He broke off; his lungs were screaming for air and he lay back until his panted breaths evened out again, and his heartbeat wasn’t deafening his ears. His vision briefly greyed out, but thankfully that did not last.

As the worst of the aches drained away, his energy went with it, and he found that sitting up now seemed to be an insurmountable effort. He flung one arm over his face and sunk his teeth into his shirt sleeve, biting down hard. Frustration filled his chest, pressing outwards so hard he thought his ribcage might burst, and he spat out the fabric and pounded his fist on the ground.

“This wouldn’t’ve happened if you’d stop puttin’ yourself in harm’s way every time you get the chance,” he said, forcing the words through clenched teeth, “I don’t give a damn what regulations say, if anybody’s volunteering to get put out of action it oughta be me! I was outta the way already! You had your instructions! You could’ve always come back for me later! How’s that for logic?”

Spock would likely have come back for his body only, and Bones could almost hear the measured rebuke in his head. Tears slipped out of the corner of his eyes as his frustration spilled over, and he rubbed angrily at his face.
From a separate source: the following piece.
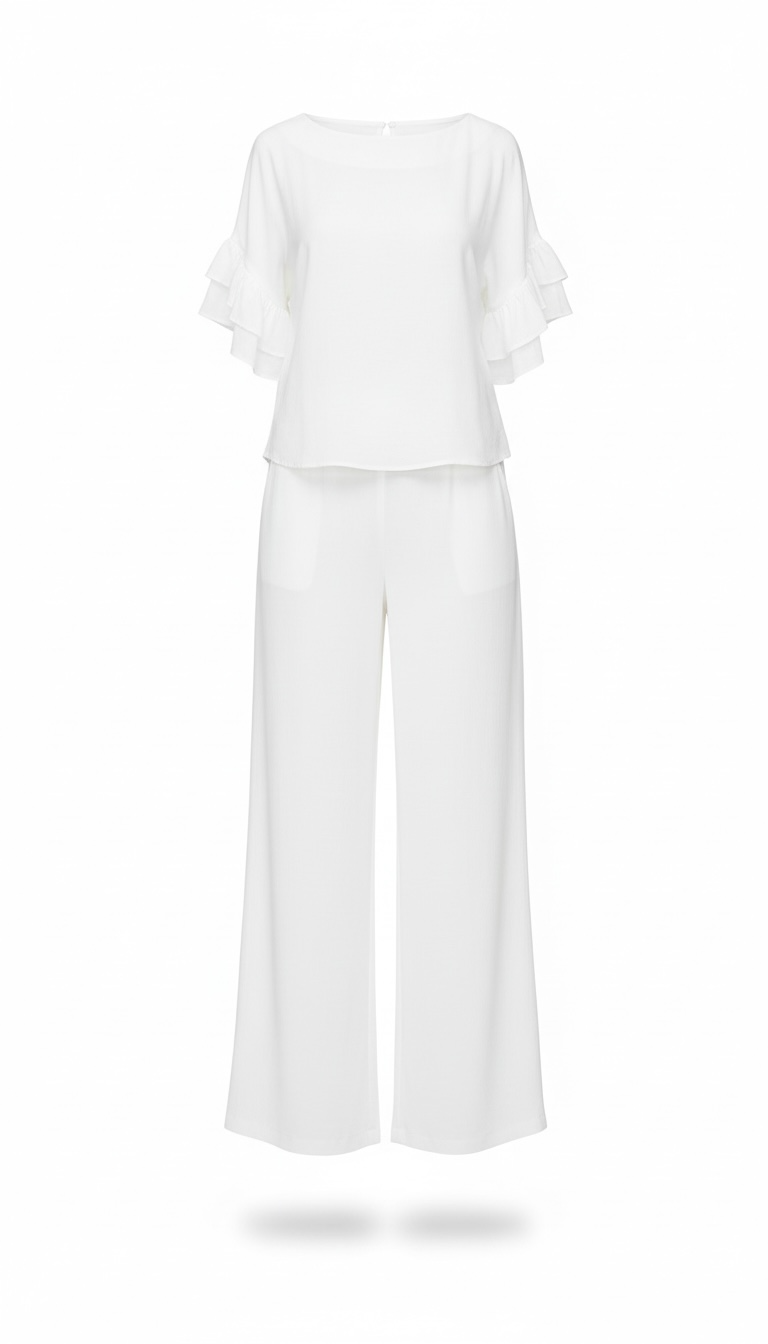 Set Blanco blusa pantalon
“I can’t do this,” he said, and the words came out as a whisper.

“I just don’t have the-”

Bones’ mouth snapped shut as a bundle of twigs in the distance went  _ crunch _ . All at once he was on alert, scrambling to his feet and pushing aside the futility of trying to outrun the Phastrae soldiers while trying to haul Spock’s dead weight around. Logic screamed at him to just get going, but he looked anyway, he needed to know how far away they were, even if it wasted precious seconds - and he looked directly into the shining black eyes of a bear.

Bones froze where he stood, staring straight back. Was the creature - it wasn’t a bear, there was no way it could have been a bear, they weren’t on  _ Earth _ \- was it going to take staring as a challenge? An act of aggression? 

There was a tingling in his hands that he recognised as fear, his body preparing to fight or flee. Which would he do? 

The creature ambled towards him with the cautious, measured steps of a hunter. Though it was monstrously big with a body shaped like a barrel, its head was long and tapered to a pointed black nose. Shaggy, coppery fur formed a half-mane at the top of its head. It turned into a stripe that went all the way along the top of its body, ending in a long tail that swished from side to side. The rest of it, from its belly to its huge paws, was covered in small whorls of short hair. Bones kept his eyes on the face though, and the beady eyes that bored into him, unblinking. The side of its mouth lifted in a snarl, revealing a glimpse of pointed, carnivorous teeth.

A thought flashed unbidden through Bones’ mind - a memory of Spock’s teddy bear with the six inch fangs. Spock would know what to do. Damn him.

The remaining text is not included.